◆ **Work task**: Reproduce each line of the following material exactly, omitting the images.

━━━━━━━━━━━━━━━━━━━━━━━━━━━━━━

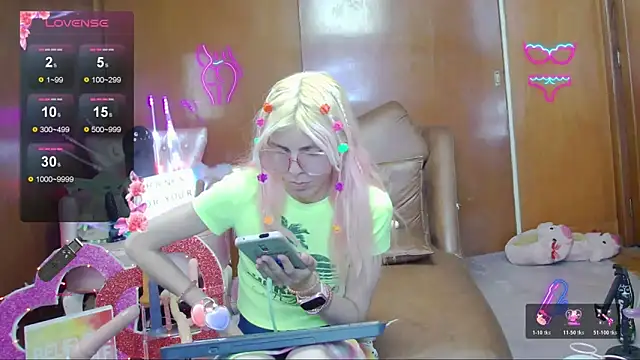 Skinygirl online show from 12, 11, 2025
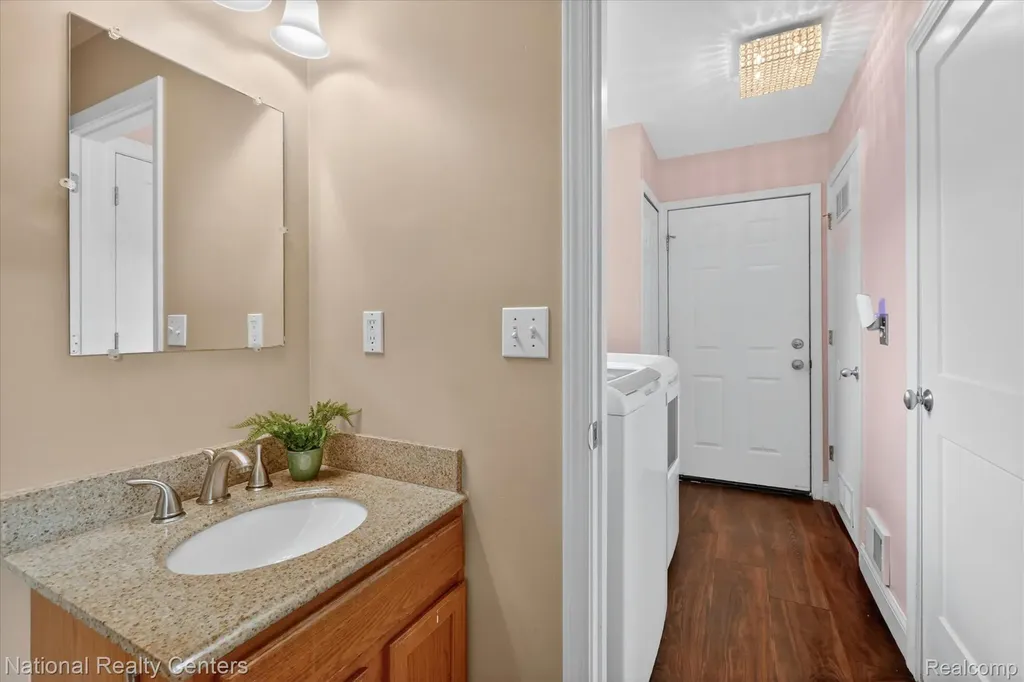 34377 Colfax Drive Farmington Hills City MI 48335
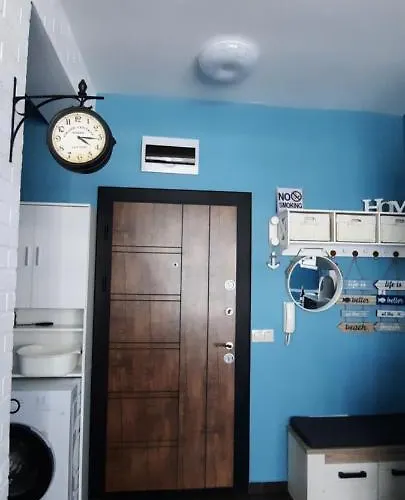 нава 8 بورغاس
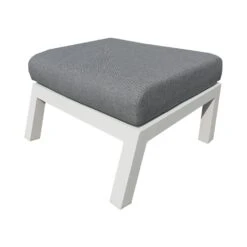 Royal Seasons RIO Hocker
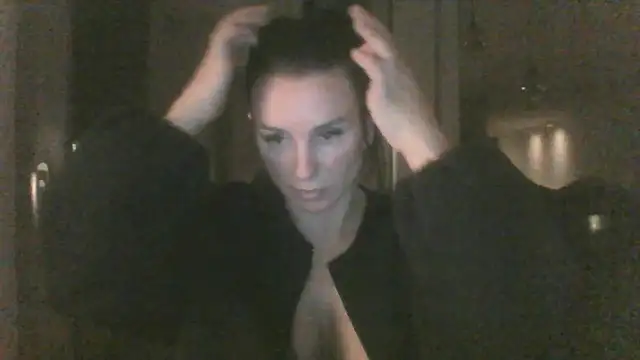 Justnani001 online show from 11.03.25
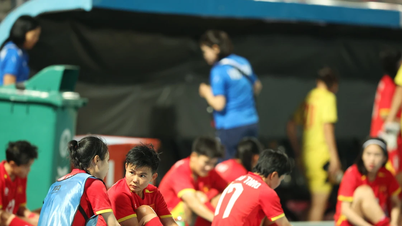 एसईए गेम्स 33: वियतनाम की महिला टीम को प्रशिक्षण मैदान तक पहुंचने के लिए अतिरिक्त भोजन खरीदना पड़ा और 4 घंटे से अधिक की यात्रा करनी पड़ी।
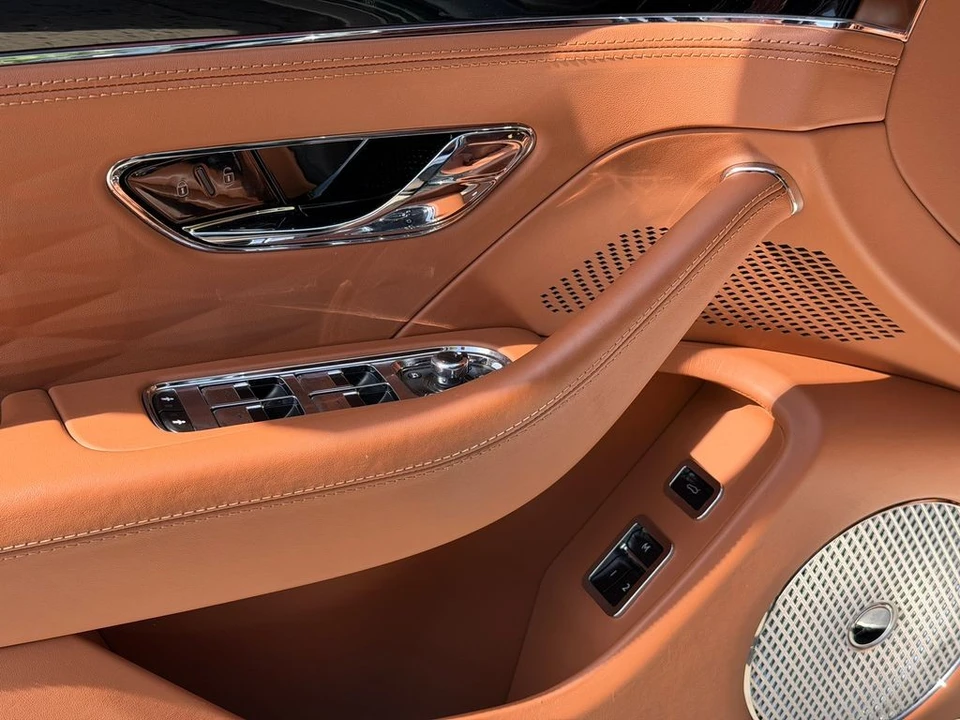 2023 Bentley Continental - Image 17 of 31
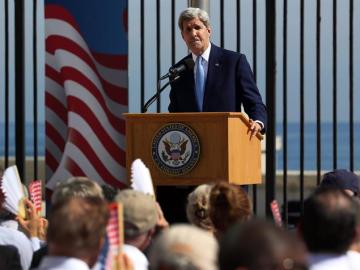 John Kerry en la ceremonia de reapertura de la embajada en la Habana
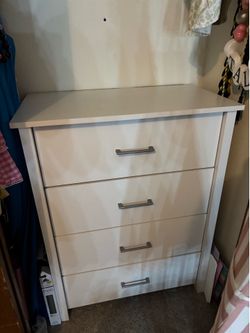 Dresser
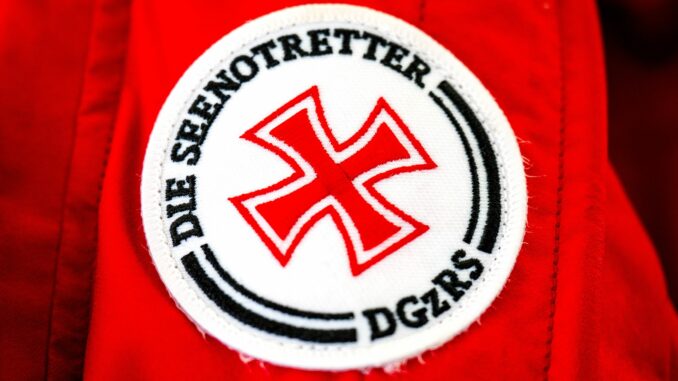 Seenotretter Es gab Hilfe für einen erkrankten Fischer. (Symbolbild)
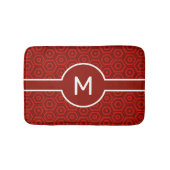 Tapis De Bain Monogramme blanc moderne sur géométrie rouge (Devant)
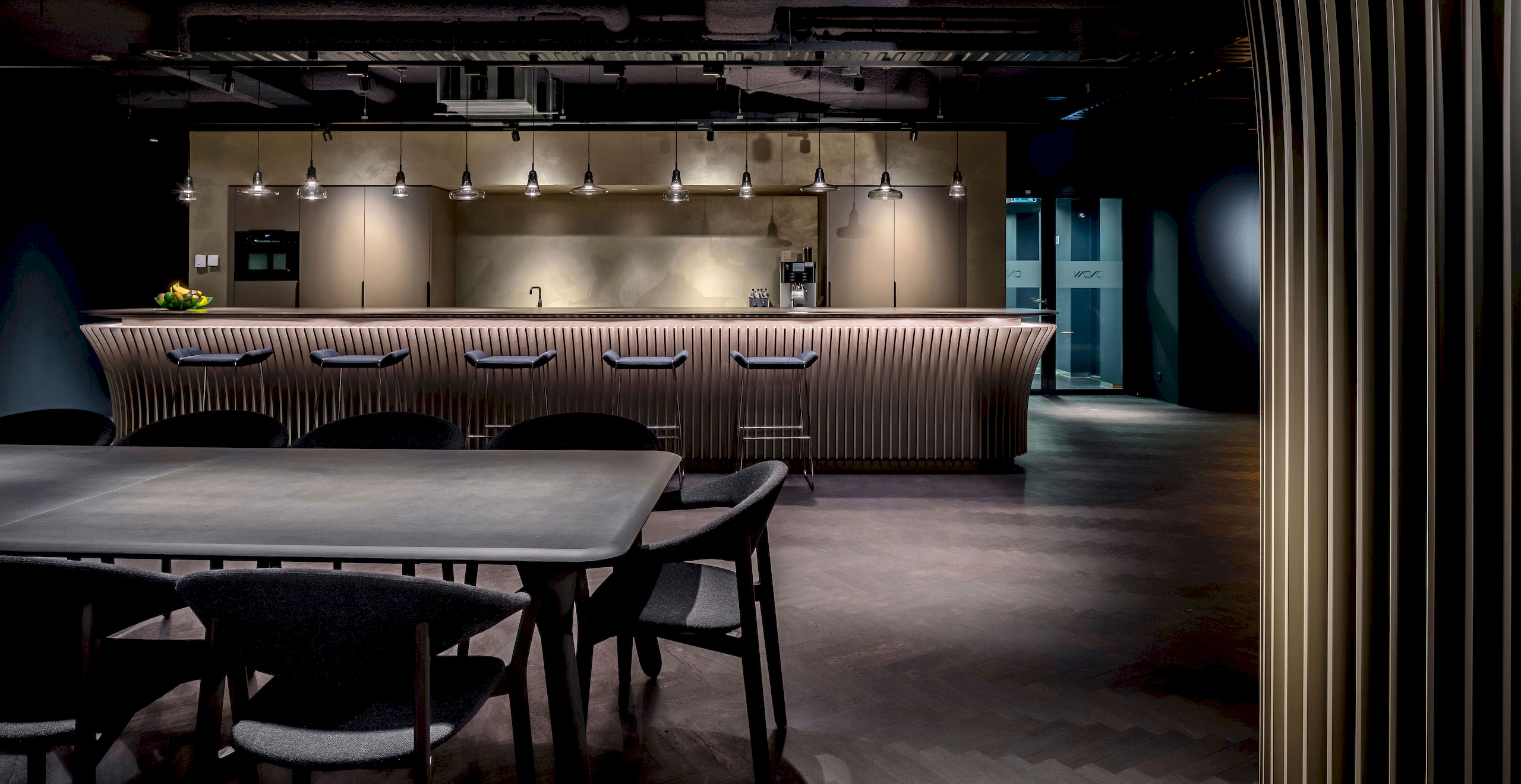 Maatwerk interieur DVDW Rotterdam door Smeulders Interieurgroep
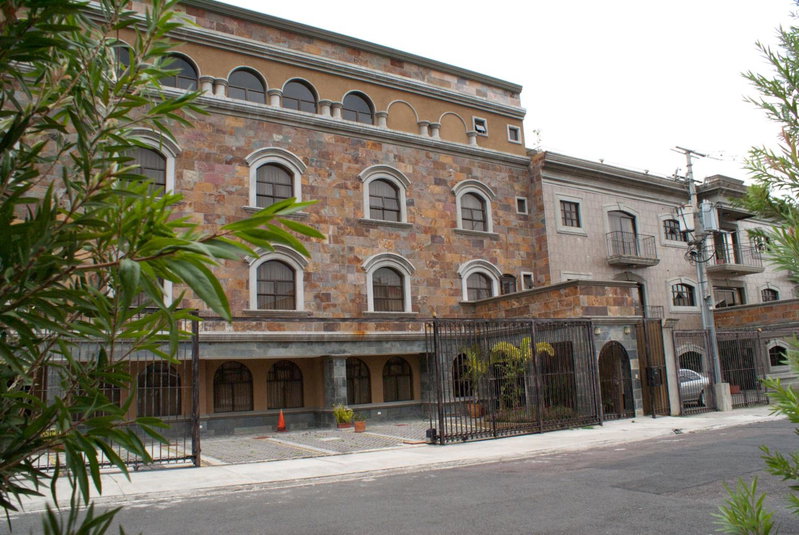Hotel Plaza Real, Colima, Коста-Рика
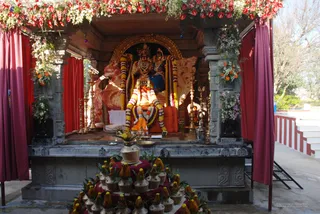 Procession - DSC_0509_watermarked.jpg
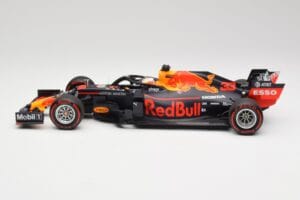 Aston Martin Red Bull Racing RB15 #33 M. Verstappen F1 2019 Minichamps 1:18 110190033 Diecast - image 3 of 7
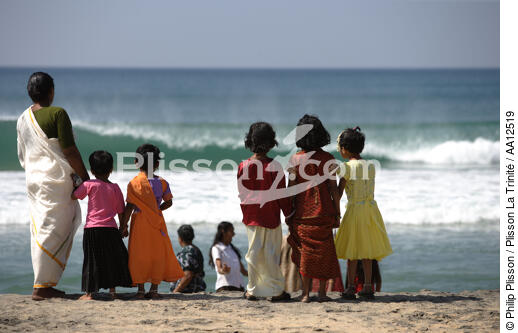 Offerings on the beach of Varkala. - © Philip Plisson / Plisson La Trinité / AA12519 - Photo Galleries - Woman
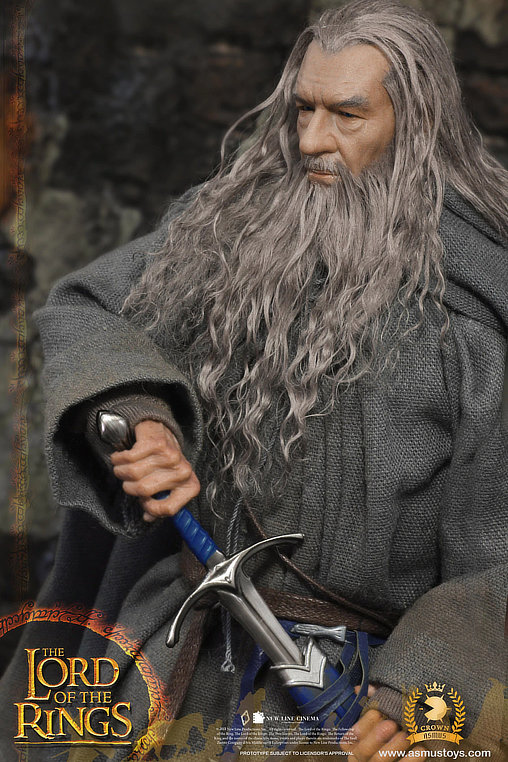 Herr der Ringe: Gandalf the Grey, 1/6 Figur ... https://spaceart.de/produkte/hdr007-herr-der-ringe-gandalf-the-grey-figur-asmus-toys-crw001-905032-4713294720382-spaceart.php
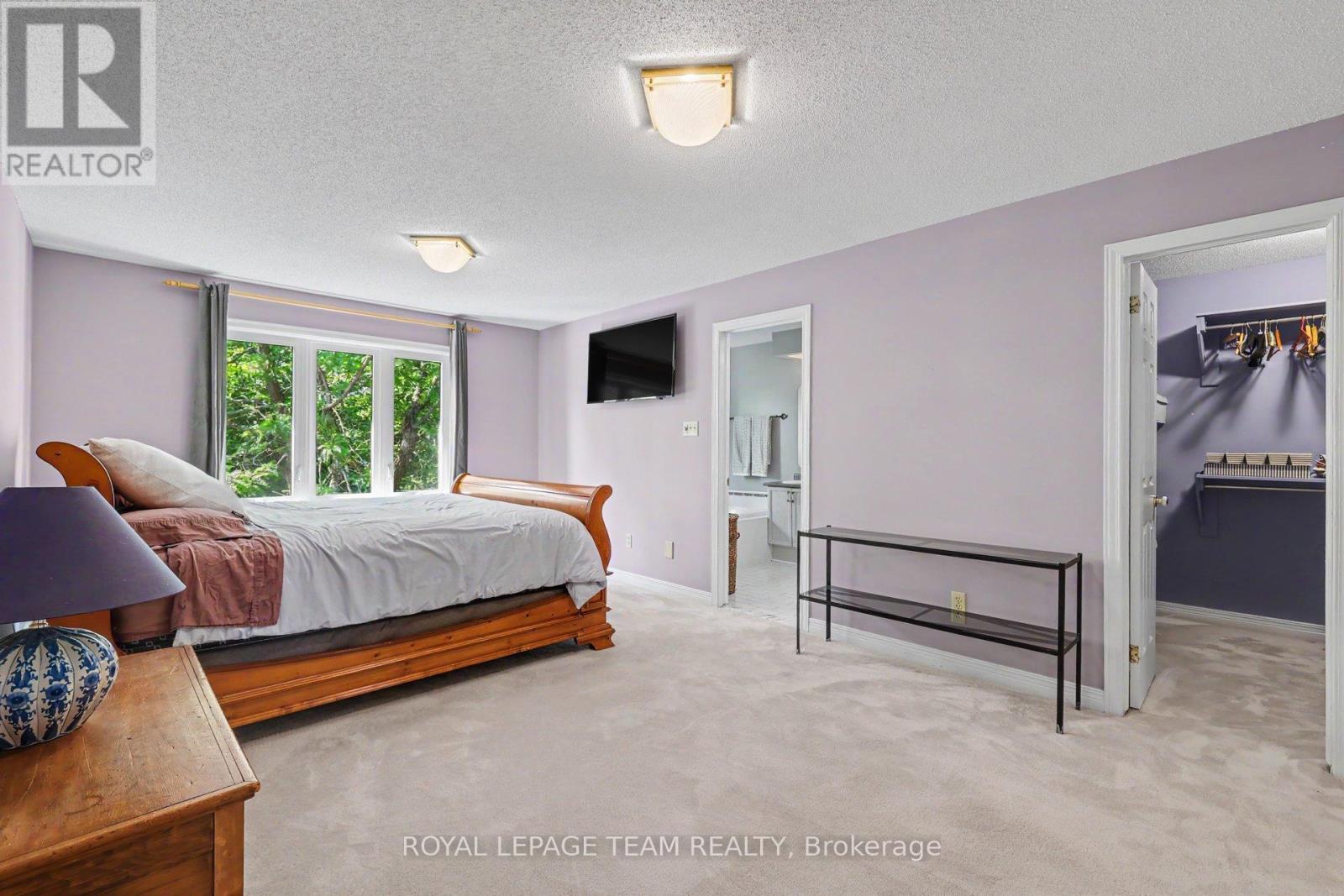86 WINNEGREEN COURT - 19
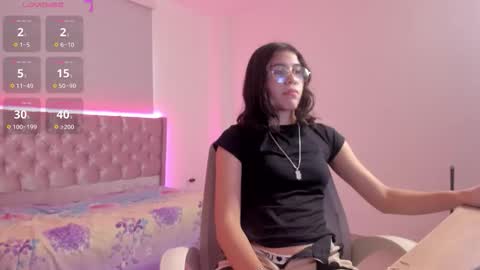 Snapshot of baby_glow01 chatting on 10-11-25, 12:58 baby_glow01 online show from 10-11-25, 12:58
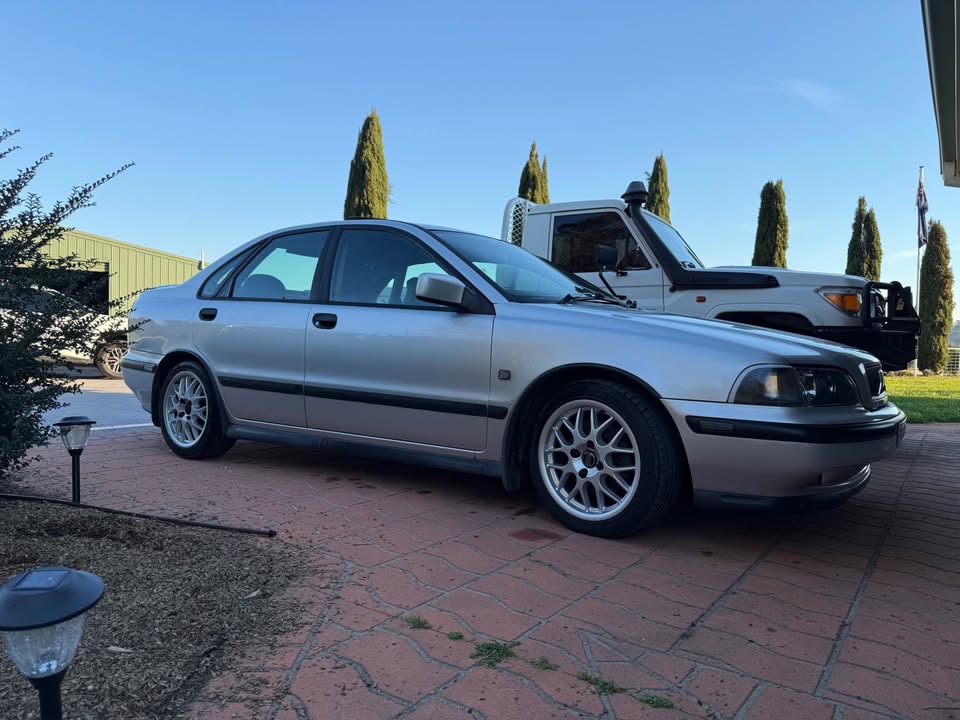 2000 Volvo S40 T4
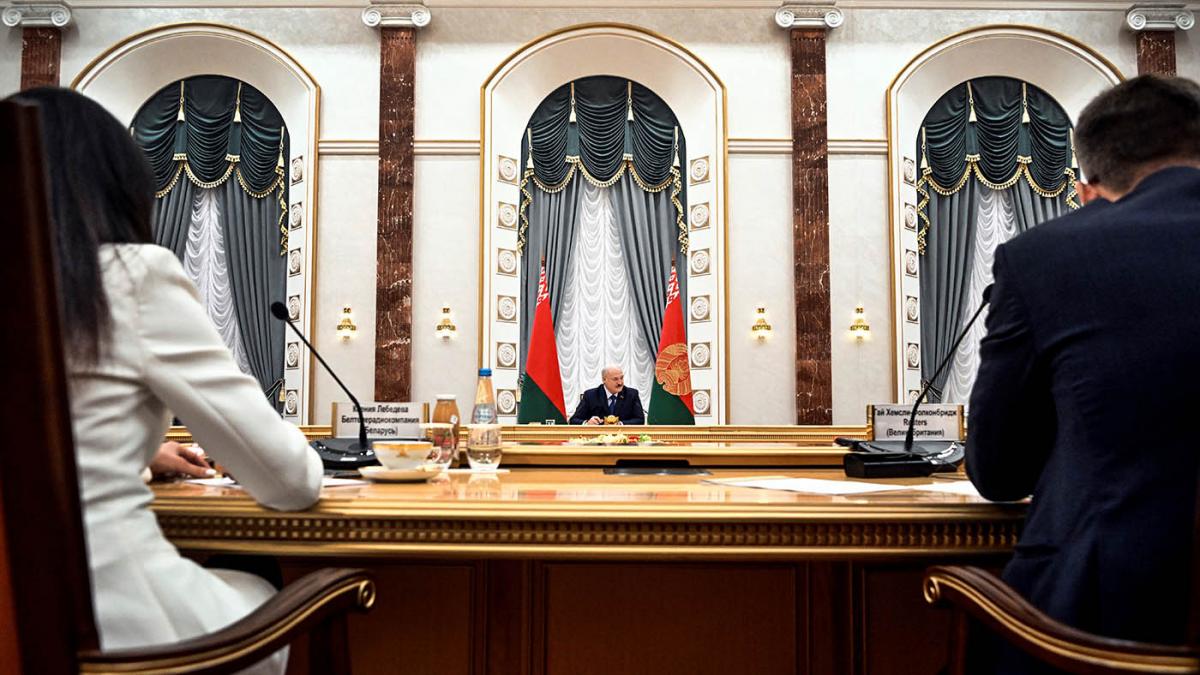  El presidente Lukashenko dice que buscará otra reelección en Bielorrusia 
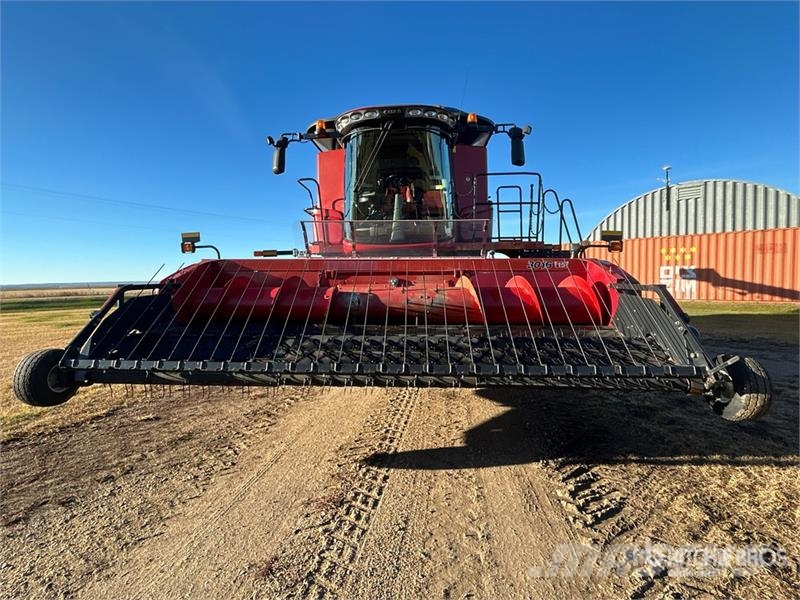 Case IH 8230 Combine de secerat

━━━━━━━━━━━━━━━━━━━━━━━━━━━━━━

◆ **Task solution**:
 Skinygirl online show from 12, 11, 2025
 34377 Colfax Drive Farmington Hills City MI 48335
 нава 8 بورغاس
 Royal Seasons RIO Hocker
 Justnani001 online show from 11.03.25
 एसईए गेम्स 33: वियतनाम की महिला टीम को प्रशिक्षण मैदान तक पहुंचने के लिए अतिरिक्त भोजन खरीदना पड़ा और 4 घंटे से अधिक की यात्रा करनी पड़ी।
 2023 Bentley Continental - Image 17 of 31
 John Kerry en la ceremonia de reapertura de la embajada en la Habana
 Dresser
 Seenotretter Es gab Hilfe für einen erkrankten Fischer. (Symbolbild)
 Tapis De Bain Monogramme blanc moderne sur géométrie rouge (Devant)
 Maatwerk interieur DVDW Rotterdam door Smeulders Interieurgroep
Hotel Plaza Real, Colima, Коста-Рика
 Procession - DSC_0509_watermarked.jpg
 Aston Martin Red Bull Racing RB15 #33 M. Verstappen F1 2019 Minichamps 1:18 110190033 Diecast - image 3 of 7
 Offerings on the beach of Varkala. - © Philip Plisson / Plisson La Trinité / AA12519 - Photo Galleries - Woman
 Herr der Ringe: Gandalf the Grey, 1/6 Figur ... https://spaceart.de/produkte/hdr007-herr-der-ringe-gandalf-the-grey-figur-asmus-toys-crw001-905032-4713294720382-spaceart.php
86 WINNEGREEN COURT - 19
 Snapshot of baby_glow01 chatting on 10-11-25, 12:58 baby_glow01 online show from 10-11-25, 12:58
 2000 Volvo S40 T4
  El presidente Lukashenko dice que buscará otra reelección en Bielorrusia 
 Case IH 8230 Combine de secerat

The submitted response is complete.